A humanoid robot developed with new artificial intelligence tools has demonstrated impressive basketball skills, moving with fluidity as it dribbles, passes and shoots. In a recent demonstration at the Hong Kong University of Science and Technology, the compact Unitree G1 robot, nicknamed Little Potato, performed actions such as dribbling and landing a clean three step layup after thousands of simulated practice sessions.
The robot’s performance is powered by SkillMimic, an AI framework that studies human movements captured through video and motion tracking suits. These movements are then refined through virtual training until they are stable enough to be executed in the real world. This approach allows a single policy to learn different skills and switch smoothly between them even when the reference data does not include these transitions. Researchers said a high level controller can reuse the skills acquired by SkillMimic to handle complex basketball tasks.
A video from the lab shows the Unitree humanoid moving across the court with natural looking control and scoring shots. The team describes it as the world’s first demonstration of a robot performing basketball actions in a real environment. During the session, the robot even attempted a layup that a researcher blocked, but it quickly regained balance and continued playing, showing how stable its movements have become.
SkillMimic V2, the system behind the robot’s progress, addresses a major challenge in reinforcement learning. Human movement data is often imperfect, noisy or incomplete. Instead of relying on perfect recordings, the system extracts useful information even from flawed demonstrations by processing them in advanced ways.

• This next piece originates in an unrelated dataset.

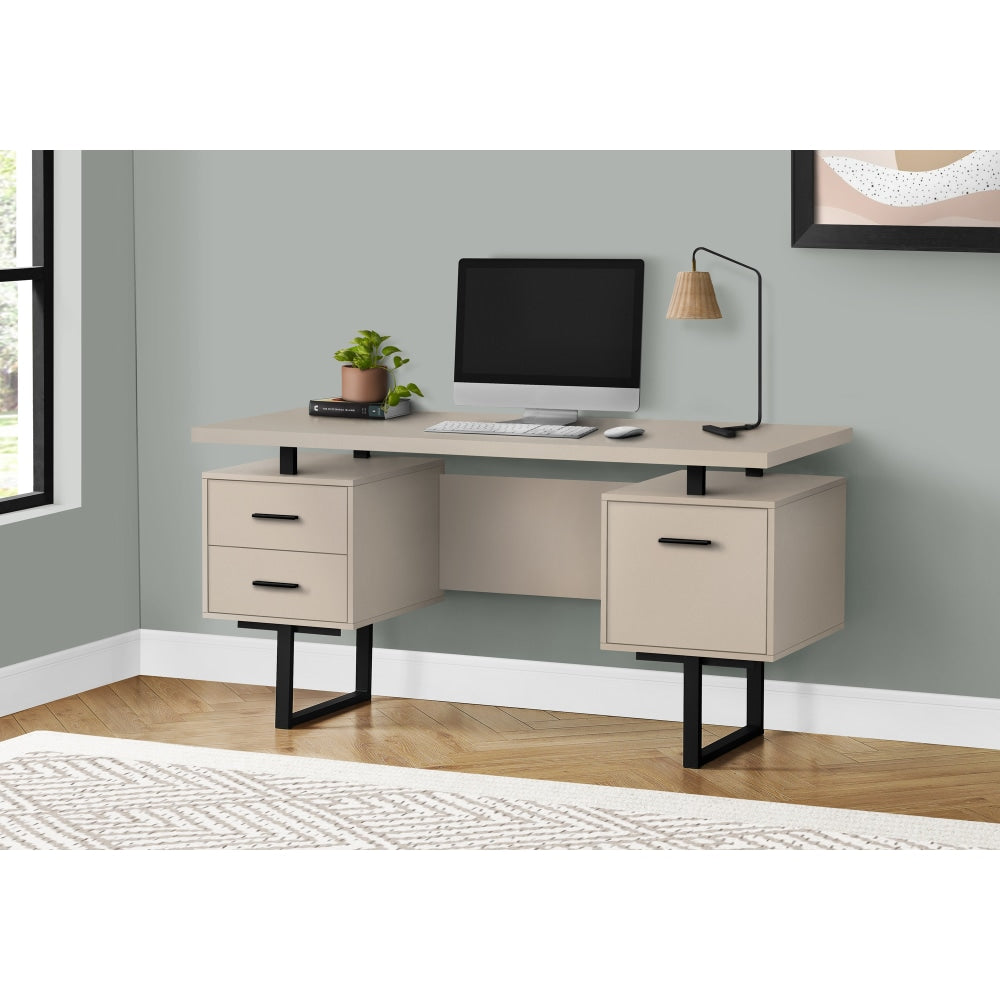 Monarch Specialties Violet 60inW Computer Desk, Taupe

The system works through three main ideas. The first is the Stitched Trajectory Graph, which identifies similar body positions across different skills and links them to create new transition paths the robot never observed directly. The second is the State Transition Field, which trains the robot from slightly different starting points including masked intermediate states, helping it recover from mistakes. The third is Adaptive Trajectory Sampling, which gives more training weight to difficult moments in the motion data so the robot performs reliably during longer sequences.
With these tools, the robot learns smoother and more general skills in simulation, including stable layups and natural transitions between dribbling and shooting. The team trained a single interaction skill policy on seven basic moves using about 4.5 billion simulated samples. Later, only the high level controller was updated while the base skill policy remained unchanged. Tasks like throwing or circling required about 0.4 billion training steps, while scoring needed about 1.2 billion.
Researchers compared their method with three standard training approaches. Systems trained from scratch or using older techniques struggled with ball handling and often failed tasks. Even approaches that used body and object motion did not perform well because their controllers lacked precise interaction skills. SkillMimic performed better by giving the robot strong, reusable skills.
The team said there is more to explore, including training a single policy to handle many objects, learning from smaller datasets and eventually getting real humanoid robots to perform these abilities outside simulation in full basketball games.